Wer nun aber denkt, dass daraus «die Wahrheit im Lande» (Georg Büchner) erkennbar würde, sieht sich getäuscht. Die Psychografie zeichnet sich durch die Abstinenz sozioökonomischer Analysen aus. Verhältnisse haben keinen Platz. Stattdessen obskure Kausalitäten. Als Grund für die Abnahme von Individualismus sehen die MarktforscherInnen eine epochale Zeitenwende: «Das Zeitalter der Befreiung von überholten Autoritäten ist vorbei.»
Was damit effektiv vorbei sein soll (die Herrschaft von oder der Widerstand gegen Autoritäten), bleibt offen. Vielmehr stellen sich neue Fragen: Haben wir uns nun von alten Autoritäten befreit – oder lassen wir uns von neuen Herrschaften bestimmen, die derart verkleidet sind, dass sie von der Marktforschung nicht als solche erkannt werden?
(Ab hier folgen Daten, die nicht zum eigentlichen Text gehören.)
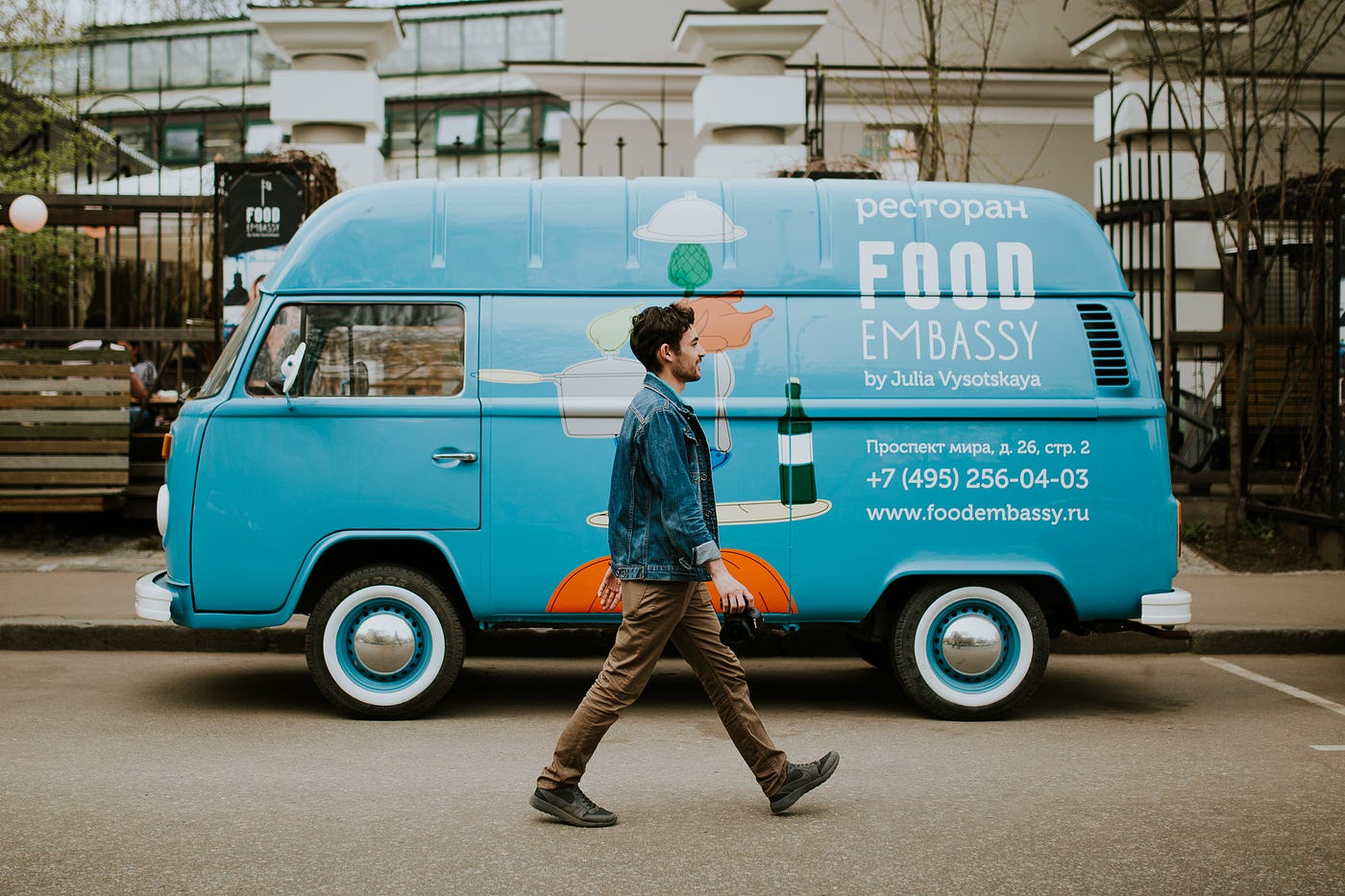 A young man, clad in a jeans jacket and brown pants, walks to the right. Behind him is a light blue food truck with writing on it advertising “Food Embassy.”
Natürlich sind solche Fragen irrelevant. Schliesslich haben wir es mit einer Methode zu tun, die gesellschaftliche Phänomene primär marktwirtschaftlich versteht. Wie sonst könnte sich ein Marktforschungsinstitut anmassen, die Psychografie eines Landes zu übernehmen? Gefragt sind nicht real existierende Verhältnisse und ihre Widersprüche. Sondern Werthaltungen. Diese nämlich, so Demoscope, «stellen sich immer häufiger als entscheidende Bestimmungsfaktoren für das Kaufverhalten heraus».
Man darf gespannt sein, mit welchen Produkten die Wirtschaft auf die neusten Erkenntnisse reagiert. Und was bald schon auf politischen Plakaten erscheint.